Il campionario è vasto: dalle pittoriche descrizioni di pianeti («Titano era una distesa squallida, tappezzata da lastroni di ghiaccio fino all’orizzonte. Rari e bassissimi i ciuffi rossi di xemedrina uscivano dalle fessure, tra gli interstizi delle lastre di ghiaccio livido») ai resoconti immaginifici ma del tutto credibili di nuove tecnologie («Il Korok – così si chiamava il macchinario semovente capace di dare la caccia ad animali di qualsiasi tipo – somigliava a un enorme ragno: otto zampe metalliche e snodabili innestate su uno sferoide di circa un metro e mezzo di diametro. Era fornito di uno spettrofotometro a raggi infrarossi per la ricerca automatica della preda, di una carica praticamente inesauribile e di un paralizzatore neuronico con cui immobilizzava l’animale al termine dell’inseguimento»), ai profili caratteriali degni dello specillo morale di un filosofo («sbirciò l’autista. Tipo comune. Occhi vigili, mento prominente, mani grosse e poco curate che uscivano dalle maniche di una giacca di cuoio plastificato forse un po’ piccola per la sua taglia. Apparteneva alla categoria degli autisti loquaci, vera calamità per i passeggeri taciturni»), fino a rese più naturalistiche («Ho visto sulla piarda una grossa catasta di robinie coperta con fascine di lisca. La baracca è piccola, la tua vecchia stufa di ghisa può riscaldarla in un attimo. Ho anche visto che hai piantato cavoli e patate, vicino alla viottola, nel punto più solatio»).

Aldani leggeva con profitto non soltanto autori di fantascienza, ma anche, ad esempio, Jean-Paul Sartre, o autori oggi poco letti come Vicente Blasco Ibáñez – e si sente.

Un mondo poetico

Carmine Treanni lo dice benissimo e a noi non resta che riportare le sue parole, sottoscrivendole in pieno: «Lino Aldani resta senza dubbio il più importante esponente della fantascienza italiana, uno scrittore che ha saputo raccontare il suo personale mondo poetico, che ha trasceso a sua volta i meccanismi della letteratura fantastica e fantascientifica per parlare all’uomo e dell’uomo, della sua esistenza, del suo ruolo (o non ruolo) in una società che è sempre più alienante e che lo rende in qualche modo schiavo di se stesso.
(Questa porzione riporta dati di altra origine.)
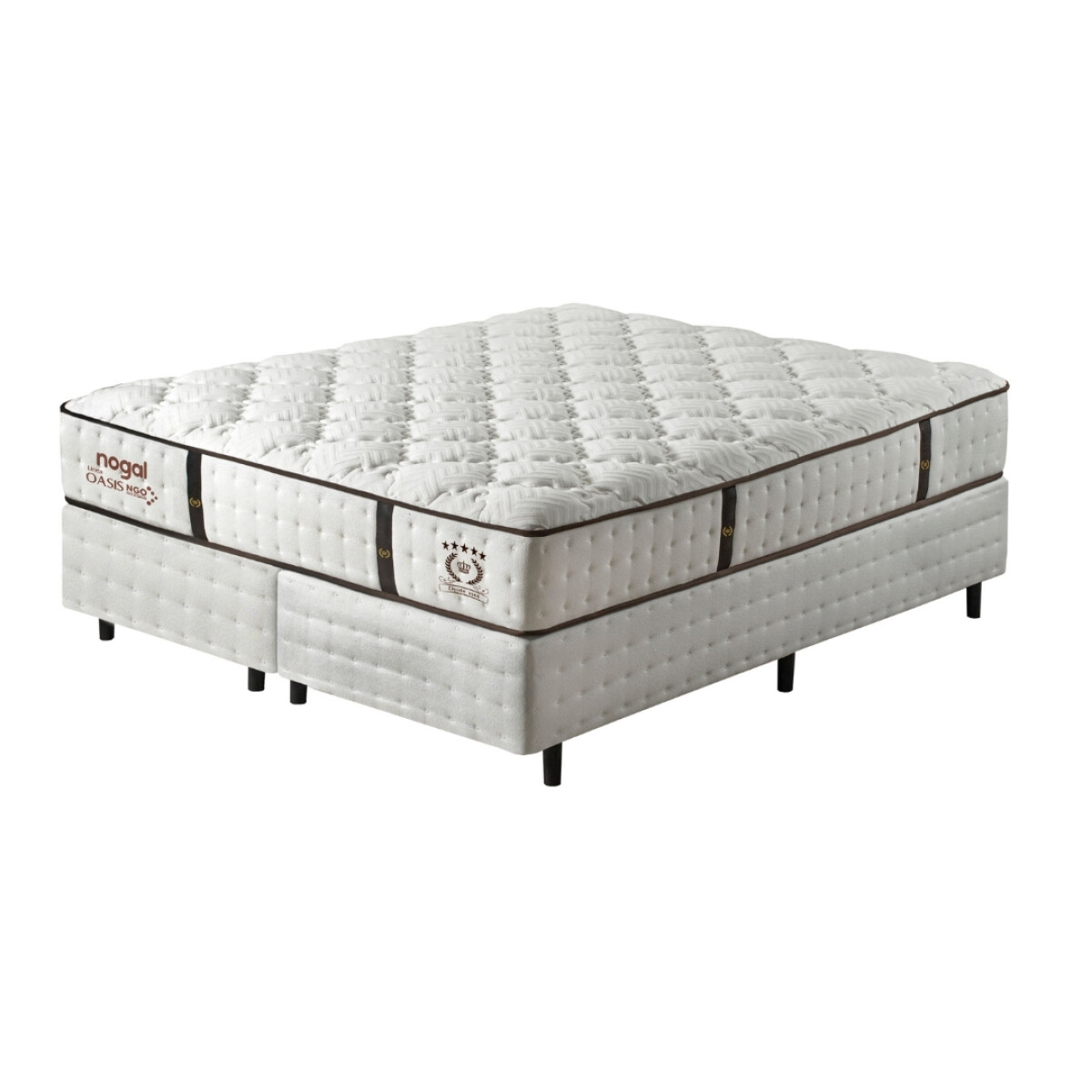 SOMIER NOGAL OASIS KING 1.93X2.03 BLANCO BASE+COLCHON - Unica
Il fantastico e la fantascienza sono stati per lo scrittore pavese la chiave di lettura di questo stato personale e sociale dell’uomo moderno e per questo motivo le sue storie sono universali».

Cari Fruttero e Lucentini, cari F&L, stavolta avete torto: un disco volante può benissimo atterrare a Lucca, a Firenze, a Roma, a Torino, o – perché no? – a San Cipriano nel Pavese, lungo le tranquille (ma solo all’apparenza!) sponde del Po, e dar vita a intense e spiazzanti narrazioni. Del resto, come si dice in un racconto, «l’universo è in continua espansione».